START Recorded data

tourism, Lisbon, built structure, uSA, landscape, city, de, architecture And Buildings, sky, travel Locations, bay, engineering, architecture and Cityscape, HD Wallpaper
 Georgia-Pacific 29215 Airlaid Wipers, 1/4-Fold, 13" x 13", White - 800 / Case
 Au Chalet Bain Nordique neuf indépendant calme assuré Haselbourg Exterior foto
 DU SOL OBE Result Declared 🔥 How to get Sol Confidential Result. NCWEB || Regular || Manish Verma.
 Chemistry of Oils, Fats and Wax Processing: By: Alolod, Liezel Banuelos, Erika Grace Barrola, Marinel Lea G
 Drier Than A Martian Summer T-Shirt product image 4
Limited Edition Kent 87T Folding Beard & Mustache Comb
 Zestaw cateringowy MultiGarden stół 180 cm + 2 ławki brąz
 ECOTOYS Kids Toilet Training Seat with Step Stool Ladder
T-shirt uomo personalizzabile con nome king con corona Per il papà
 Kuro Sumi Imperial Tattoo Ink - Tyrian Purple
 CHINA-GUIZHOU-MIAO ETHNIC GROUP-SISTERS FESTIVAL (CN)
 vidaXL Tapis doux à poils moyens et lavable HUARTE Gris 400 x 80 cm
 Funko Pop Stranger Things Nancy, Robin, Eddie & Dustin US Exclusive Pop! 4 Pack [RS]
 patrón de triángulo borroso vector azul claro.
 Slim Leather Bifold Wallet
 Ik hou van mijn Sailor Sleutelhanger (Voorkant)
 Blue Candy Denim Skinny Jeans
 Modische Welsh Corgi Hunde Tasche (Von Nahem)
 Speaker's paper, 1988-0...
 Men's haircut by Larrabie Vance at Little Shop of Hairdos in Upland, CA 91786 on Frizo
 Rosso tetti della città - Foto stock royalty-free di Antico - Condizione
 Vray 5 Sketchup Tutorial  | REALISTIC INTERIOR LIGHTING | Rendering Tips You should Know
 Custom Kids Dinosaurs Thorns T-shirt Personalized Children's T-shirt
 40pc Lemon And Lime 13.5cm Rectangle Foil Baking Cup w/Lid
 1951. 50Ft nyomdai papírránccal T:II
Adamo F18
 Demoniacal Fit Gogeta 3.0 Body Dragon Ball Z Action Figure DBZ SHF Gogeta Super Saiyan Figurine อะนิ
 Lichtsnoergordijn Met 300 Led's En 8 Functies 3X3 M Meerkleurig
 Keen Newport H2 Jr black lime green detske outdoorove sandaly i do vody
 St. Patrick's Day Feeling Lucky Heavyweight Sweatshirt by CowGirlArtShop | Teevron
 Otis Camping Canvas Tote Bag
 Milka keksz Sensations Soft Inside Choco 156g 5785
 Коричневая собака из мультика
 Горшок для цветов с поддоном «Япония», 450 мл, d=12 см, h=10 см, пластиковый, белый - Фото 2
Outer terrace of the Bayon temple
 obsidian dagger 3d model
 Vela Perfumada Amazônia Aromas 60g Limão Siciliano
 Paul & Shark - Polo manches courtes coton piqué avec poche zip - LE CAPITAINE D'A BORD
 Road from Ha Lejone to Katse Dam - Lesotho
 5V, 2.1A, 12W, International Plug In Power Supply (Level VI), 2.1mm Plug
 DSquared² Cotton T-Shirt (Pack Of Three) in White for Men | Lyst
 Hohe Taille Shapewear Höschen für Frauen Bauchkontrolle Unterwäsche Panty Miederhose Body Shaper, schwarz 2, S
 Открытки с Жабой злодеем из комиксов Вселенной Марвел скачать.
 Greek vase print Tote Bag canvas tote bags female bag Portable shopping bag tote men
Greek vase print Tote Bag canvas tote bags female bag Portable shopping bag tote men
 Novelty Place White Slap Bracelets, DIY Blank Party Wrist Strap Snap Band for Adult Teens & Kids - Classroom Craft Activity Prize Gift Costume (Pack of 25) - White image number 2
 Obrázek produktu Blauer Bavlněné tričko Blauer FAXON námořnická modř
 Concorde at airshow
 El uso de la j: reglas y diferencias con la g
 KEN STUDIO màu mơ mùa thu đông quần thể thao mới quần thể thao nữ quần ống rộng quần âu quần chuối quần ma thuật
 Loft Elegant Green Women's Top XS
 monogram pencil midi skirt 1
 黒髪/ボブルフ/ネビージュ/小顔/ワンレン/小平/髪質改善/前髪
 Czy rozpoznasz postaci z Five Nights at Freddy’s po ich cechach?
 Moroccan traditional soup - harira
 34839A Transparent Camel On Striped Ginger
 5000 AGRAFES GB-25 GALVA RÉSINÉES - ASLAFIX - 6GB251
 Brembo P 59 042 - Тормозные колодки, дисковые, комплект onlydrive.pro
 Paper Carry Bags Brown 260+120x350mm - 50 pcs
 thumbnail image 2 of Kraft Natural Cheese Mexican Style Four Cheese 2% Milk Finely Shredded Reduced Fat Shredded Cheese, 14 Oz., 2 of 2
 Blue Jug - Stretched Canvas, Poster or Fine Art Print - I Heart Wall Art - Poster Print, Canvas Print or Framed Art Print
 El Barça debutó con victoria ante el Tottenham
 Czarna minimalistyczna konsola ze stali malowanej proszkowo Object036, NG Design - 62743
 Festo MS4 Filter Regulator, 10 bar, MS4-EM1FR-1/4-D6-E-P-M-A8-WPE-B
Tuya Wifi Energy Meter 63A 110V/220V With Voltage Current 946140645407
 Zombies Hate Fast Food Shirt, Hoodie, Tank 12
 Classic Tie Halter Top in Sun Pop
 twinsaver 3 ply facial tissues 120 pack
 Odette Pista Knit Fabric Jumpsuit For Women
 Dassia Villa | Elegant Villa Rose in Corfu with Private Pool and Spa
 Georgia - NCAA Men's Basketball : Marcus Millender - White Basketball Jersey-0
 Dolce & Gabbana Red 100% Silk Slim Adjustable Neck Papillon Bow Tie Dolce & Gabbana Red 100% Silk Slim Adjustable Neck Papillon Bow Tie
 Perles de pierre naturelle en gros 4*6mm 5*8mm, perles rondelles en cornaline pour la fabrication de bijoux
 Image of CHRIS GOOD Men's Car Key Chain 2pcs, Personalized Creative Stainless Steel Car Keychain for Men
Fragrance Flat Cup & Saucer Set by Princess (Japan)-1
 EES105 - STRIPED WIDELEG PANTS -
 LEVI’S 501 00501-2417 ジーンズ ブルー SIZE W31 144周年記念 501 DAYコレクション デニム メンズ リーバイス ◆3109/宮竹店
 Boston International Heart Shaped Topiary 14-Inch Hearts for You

END Recorded data

## Requirement
Reproduce every line above containing "Body".

## Solution to this problem
 Demoniacal Fit Gogeta 3.0 Body Dragon Ball Z Action Figure DBZ SHF Gogeta Super Saiyan Figurine อะนิ
 Hohe Taille Shapewear Höschen für Frauen Bauchkontrolle Unterwäsche Panty Miederhose Body Shaper, schwarz 2, S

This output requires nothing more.